We’ve all been there, usually someplace in Oklahoma. You’re off on last-minute business or visiting relatives, and the only place left in town to stay is a cut-rate chain hotel where the amenities list ends at “Irons available at front desk.”
With a little advance warning—and yes, a little budget—you can make even the dumpiest hotel into a home-away-from-home.
At fancy hotels, you’ve got to deal with the cold marble of the luxury bath. In other places, you’re dealing with carpet the shade of old bus upholstery. Better bring some slippers. The minimalist-chic Muji makes comfy ones, and they aren’t so expensive (from $6) that you’ll be heartbroken if you lose them under the bed. Or feel the need to burn them.
If the sheets feel like sandpaper—or you’re concerned that when the sheets are changed they are merely changed from room to room—consider bringing your own. A full set of Frette is impractical, but you can rest easy with a Silksak ($58 for single, $115 double). Although designed as a sleeping bag liner, it’s pure sumptuous silk that works just as well in dodgy lodgings.

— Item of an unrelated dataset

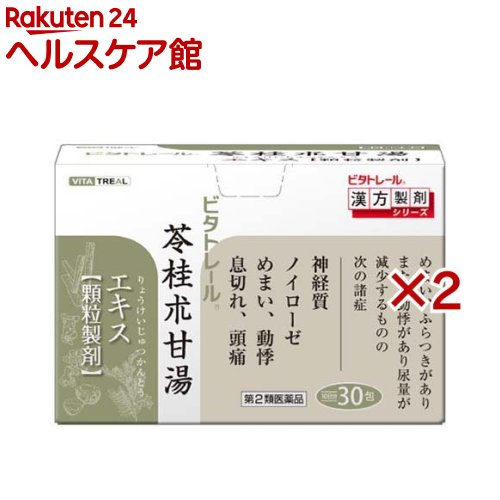 お店TOP＞医薬品＞むくみ・めまい＞めまいの薬＞めまいの薬 水毒によるめまい＞ビタトレール 東洋漢方の苓桂朮甘湯エキス顆粒(分包) (30包×2セット)お一人様1セットまで。医薬品に関する注意文言【医薬品の使用期限】使用期限120日以上の商品を販売しております商品区分：第二類医薬品【ビタトレール 東洋漢方の苓桂朮甘湯エキス顆粒(分包)の商品詳細】●本剤は、漢方の古典「傷寒論」「金匱要略」に収載されている苓桂朮甘湯に準拠して製造されたエキス顆粒剤です。【効能 効果】めまい、ふらつきがあり、または動悸があり尿量が減少するものの次の諸症：神経質、ノイローゼ、めまい、動悸、息切れ、頭痛【用法 用量】下記の量を食間又は空腹時に水又は温湯にて服用して下さい。[年齢：1回量：1日服用回数]大人(15才以上)：1包：3回15才未満7才以上：2／3包：3回7才未満4才以上：1／2包：3回4才未満2才以上：1／3包：3回2才未満：服用しないこと★用法・用量に関連する注意(1)小児に服用させる場合には、保護者の指導監督のもとに服用させること。(2)用法・用量を厳守すること。【成分】本品1日量3包(1包3.0g)中(日本薬局方ブクリョウ：6.0g、日本薬局方ケイヒ：4.0g、日本薬局方ビャクジュツ：3.0g、日本薬局方カンゾウ：2.0g)より製した水製乾燥エキス：1.66g添加物として、乳糖、バレイショデンプンを含有する。【注意事項】★使用上の注意・相談すること1.次の人は服用前に医師、薬剤師又は登録販売者に相談すること(1)医師の治療を受けている人。(2)妊婦又は妊娠していると思われる人。(3)高齢者。(4)今までに薬などにより発疹・発赤、かゆみ等を起こしたことがある人。(5)次の症状のある人。むくみ(6)次の診断を受けた人。高血圧、心臓病、腎臓病2.服用後、次の症状があらわれた場合は副作用の可能性があるので、直ちに服用を中止し、この文書を持って医師、薬剤師又は登録販売者に相談すること[関係部位：症状]皮膚：発疹・発赤、かゆみまれに下記の重篤な症状が起こることがある。その場合は直ちに医師の診療を受けること。[症状の名称：症状]偽アルドステロン症、ミオパチー：手足のだるさ、しびれ、つっぱり感やこわばりに加えて、脱力感、筋肉痛があらわれ、徐々に強くなる。3.1ヵ月位服用しても症状がよくならない場合は服用を中止し、この文書を持って医師、薬剤師又は登録販売者に相談すること4.長期連用する場合には、医師、薬剤師又は登録販売者に相談すること★保管及び取扱い上の注意(1)直射日光の当たらない湿気の少ない涼しい所に保管すること。(2)小児の手のとどかない所に保管すること。(3)誤用をさけ、品質を保持するため、他の容器に入れかえないこと。(4)本剤は生薬を原料としたエキスを用いた製品ですから、製品により色調や味が多少異なることがありますが、効果には変わりありません。【医薬品販売について】1.医薬品については、ギフトのご注文はお受けできません。2.医薬品の同一商品のご注文は、数量制限をさせていただいております。ご注文いただいた数量が、当社規定の制限を越えた場合には、薬剤師、登録販売者からご使用状況確認の連絡をさせていただきます。予めご了承ください。3.効能・効果、成分内容等をご確認いただくようお願いします。4.ご使用にあたっては、用法・用量を必ず、ご確認ください。5.医薬品のご使用については、商品の箱に記載または箱の中に添付されている「使用上の注意」を必ずお読みください。6.アレルギー体質の方、妊娠中の方等は、かかりつけの医師にご相談の上、ご購入ください。7.医薬品の使用等に関するお問い合わせは、当社薬剤師がお受けいたします。TEL：050-5577-5042email：kenkocom_4@shop.rakuten.co.jp【原産国】日本【ブランド】ビタトレール【発売元、製造元、輸入元又は販売元】東洋漢方製薬※説明文は単品の内容です。リニューアルに伴い、パッケージ・内容等予告なく変更する場合がございます。予めご了承ください。・単品JAN：4975031020968広告文責：楽天グループ株式会社電話：050-5577-5042・・・・・・・・・・・・・・[動悸、息切れ/ブランド：ビタトレール/]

You can set up your own media server, Wi-Fi network, and photo library with the HooToo Tripmate ($44). It will stream movies and music from any connected USB storage to all your personal devices, as well as to smart TVs and TV sticks like Chromecast, should your motel TV have a USB port. Because it only weighs half a pound, it’s worth carrying just as a portable router and power bank.
It may look like a can, but the JBL Charge 2+ ($120) is one of the few inexpensive Bluetooth speakers that doesn’t sound tinny, thanks to “dual external passive radiators,” which can bring the bass. It’s splashproof, in case you want to use it in the shower, and it has a speakerphone mode, in case you want to have a conference call from the shower.
While you’re in the shower, do yourself the favor of getting a close shave without leaning over a tiny motel sink. The Shavewell shaving mirror ($10) is lightweight, instantly defoggable, and distortion-free. You can also use it to signal passing planes, should it come to that.
Chances are, if a hotel skimped on the towels, it probably skimped on the soundproofing, too. Though some nice silicone or soft foam earplugs may be necessary, you can also drown out noisy neighbors with a white noise app, streamed from your smartphone to the aforementioned speaker. The obviously named White Noise app ($1) serves up loops of atmospheric sounds—including “City Streets,” should you be a Brooklynite trapped somewhere bucolic.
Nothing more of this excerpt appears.